# INSTRUCTIONS TO FOLLOW
Would you reproduce the data below exactly, please, leaving out its images?

# EXERCISE DATA
________________________

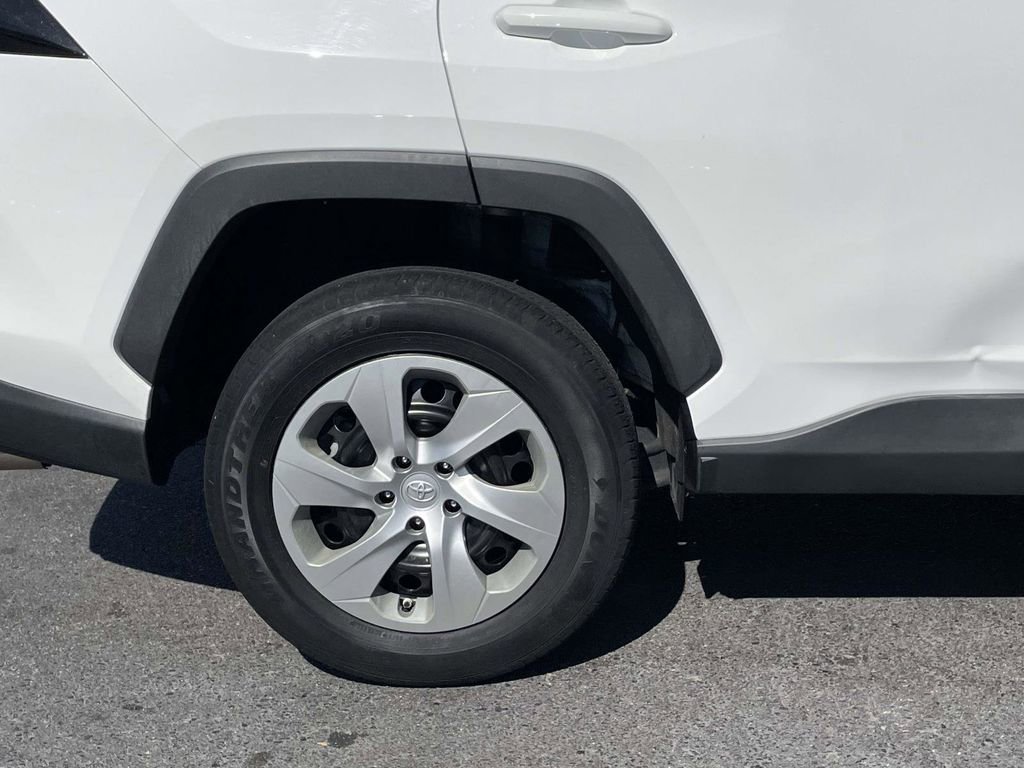 Used 2021 Toyota RAV4 LE FWD image 26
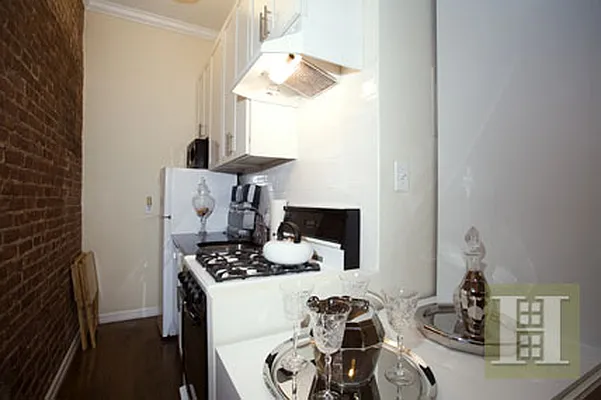 Rented by Halstead Real Estate | media 27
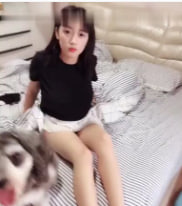 男友被榨干！欲求不满女友当镜头面狂骚自慰 淫水四溅求操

________________________

# SOLUTION FOR THIS TASK
 Used 2021 Toyota RAV4 LE FWD image 26
 Rented by Halstead Real Estate | media 27
 男友被榨干！欲求不满女友当镜头面狂骚自慰 淫水四溅求操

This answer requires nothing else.